NADYA, SELAMAT DARI ROBOHAN 2 TEMBOK SAAT GEMPA DI BANTUL



Pundong-Gempa 9 tahun yang lalu tepatnya 27 Mei 2006 memang selalu menjadi kenangan yang tak terlupakan . Gadis kecil yang kala itu duduk di bangku Sekolah Dasar menjadi saksi sekaligus bukti bahwa keajaiban Allah itu ada.
                                                                                                         
Nadya berusia 19 tahun, dia ingat betul peristiwa itu mengubah kehidupannya kini. “Rasanya tidak percaya, kejadiannya begitu cepat” ungkapnya dengan nada datar. Dalam hitungan detik rumah di dusun Nglembu RT 001, Panjangrejo, Pundong, Bantul tepatnya luluh lantak tak terkecuali rumah yang ditinggali Nadya.

Saat itu dia sedang membantu ibunya seorang pedagang kedelai untuk mencuci kedelai. Guncangan dahsyat yang terasa di pagi itu membuat panik semua orang, dengan tergopoh semua lari keluar rumah. Namun apalah daya begitu sampai di luar rumah Nadya tertimpa tembok rumahnya dengan rumah pamannya yang letaknya berada di sebelah barat. “Brkkk” suara dentuman terdengar keras. Nadya sudah tak ingat-ingat apa-apa setelah kejadian itu.

Semua tetangga saling bergotong-royong mengevakuasi Nadya yang posisinya terjepit di antara runtuhan 2 tembok itu. Kedua orangtuanya dan kakak laki-lakinya sangat khawatir, yang pada saat itu berhasil lolos dari timpaan bangunan. Hanya Nadya saja yang terjebak dalam situasi rumit itu. Dalam situasi yang genting dengan kekuatan bersama yang seadanya para tetangga mencoba terus mengevakuasi. Darah segar mengalir deras dari kaki paha sebelah kiri Nadya. Butuh beberapa waktu hingga akhirnya Ibu Tuji Rahayu (52)  menangis shock melihat putrinya berhasil diangkat dari runtuhan itu. Betapa tidak, darah bercucuran dan kaki bagian betis yang tertindih membuat tulangnya sedikit terlihat.

Sesaat setelah bisa diangkat dengan segera diberi pertolongan pertama. Darah yang sedari tadi menetes kini mulai di sumbat dengan pakaian-pakaian seadanya. Dengan erat ibunya memegang tangan Nadya yang mulai dingin itu. Begitu terdengar suara truk memasuki daerah itu tanahnya terasa bergetar. Nadya segera dimasukkan ke dalam truk dan dia pun di bawa ke rumah sakit.
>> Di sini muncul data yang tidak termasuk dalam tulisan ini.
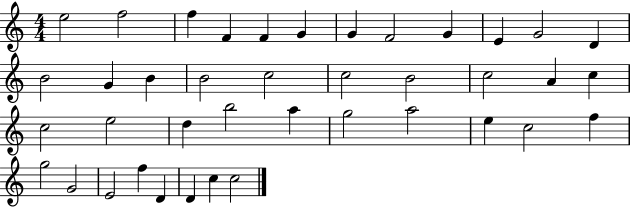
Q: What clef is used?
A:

Rasa tak karuan begitu mencekam, hingga kini Nadya masih merasakan sedikit trauma. Akibat kejadian itu kakinya harus di gyp. Butuh waktu yang tidak sebentar untuk pemulihan pada kakinya. Hampir satu bulanan dia kemana-mana menggunakan tongkat. Rasa tak percaya begitu mengganggu saat dia sekolah karena tak bisa bergerak bebas seperti teman-teman yang lain. Rasa putus asa sering menghinggapi pikirannya. Sampai harus kapan dia menggunakan kedua tongkat untuk menopang setiap langkah perjalanan hidupnya. Masa sekolah dasar dengan teman-teman yang lain yang masih labil dalam bersikap membuat Nadya harus menerima ejekan yang membuatnya semakin terpuruk saja.

“Yang lalu biarlah berlalu, syukuri apa yang ada”. Ibu Tuji Rahyu memberi nasihat pada Nadya. Sempat tak percaya ketika pasca gempa itu ibunya tidak bisa menemani Nadya di rumah sakit karena tak tahu dia di bawa ke rumah sakit yang mana. Bahkan yang membuat ibunya terpukul hatinya ada yang mengabarkan bahwa Nadya meninggal.
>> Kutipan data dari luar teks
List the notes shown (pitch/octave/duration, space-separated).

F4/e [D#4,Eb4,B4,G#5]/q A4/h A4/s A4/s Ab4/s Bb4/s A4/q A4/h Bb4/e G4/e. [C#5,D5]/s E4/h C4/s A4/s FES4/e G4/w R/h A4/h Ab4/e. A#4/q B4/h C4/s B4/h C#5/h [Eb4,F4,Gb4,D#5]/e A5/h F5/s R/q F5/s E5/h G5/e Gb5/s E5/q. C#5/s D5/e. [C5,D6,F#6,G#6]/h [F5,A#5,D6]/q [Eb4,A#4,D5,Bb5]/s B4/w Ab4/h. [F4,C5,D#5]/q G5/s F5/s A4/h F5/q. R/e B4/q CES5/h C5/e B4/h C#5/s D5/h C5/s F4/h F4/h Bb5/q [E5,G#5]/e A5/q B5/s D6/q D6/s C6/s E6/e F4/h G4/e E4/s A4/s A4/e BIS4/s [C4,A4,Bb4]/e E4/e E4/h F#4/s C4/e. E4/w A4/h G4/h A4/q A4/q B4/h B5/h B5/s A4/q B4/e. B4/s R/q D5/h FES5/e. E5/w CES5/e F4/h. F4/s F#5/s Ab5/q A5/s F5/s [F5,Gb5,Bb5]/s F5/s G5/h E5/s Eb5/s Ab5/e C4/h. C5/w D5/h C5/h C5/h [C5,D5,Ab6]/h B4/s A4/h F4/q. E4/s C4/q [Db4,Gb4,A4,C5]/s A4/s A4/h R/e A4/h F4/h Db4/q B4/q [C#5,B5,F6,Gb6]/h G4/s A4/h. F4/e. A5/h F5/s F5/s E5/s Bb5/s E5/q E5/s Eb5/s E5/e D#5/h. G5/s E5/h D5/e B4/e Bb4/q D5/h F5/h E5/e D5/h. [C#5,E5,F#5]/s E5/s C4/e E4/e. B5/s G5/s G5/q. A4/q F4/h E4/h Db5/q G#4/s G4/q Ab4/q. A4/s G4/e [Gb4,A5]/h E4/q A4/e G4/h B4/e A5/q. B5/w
“Syukur itu menambah keberkahan hidup ini” ungkap Nadya dengan percaya diri. Kini dia sekarang sudah duduk di bangku Sekolah Menengah Atas dan selalu mencoba menghilangkan rasa trauma itu dengan menyibukkan diri dengan mengikuti kegiatan ekstrakuliker Palang Merah Remaja (PMR) di SMA N 1 Pundong. Dia berharap dengan mengikuti PMR lebih mengetahui tentang hal-hal yang tak terduga yang berhubungan dengan keselamatan manusia dan juga bisa membantu orang.

Gempa Bumi kala itu walau merobohkan jutaan gedung dan ribuan korban selalu menjadi pertanda bahwa tidak ada yang abadi. Alam yang akan selalu menjadi sahabat manusia pun bisa tak terduga berubah-ubah keadaannya. Apapun keadaanya harus selalu waspada dan senantiasa berdoa.“Bersyukur, bersyukur dan bersyukur selalu terucap atas nikmat hidup ini”. Pungkas Nadya.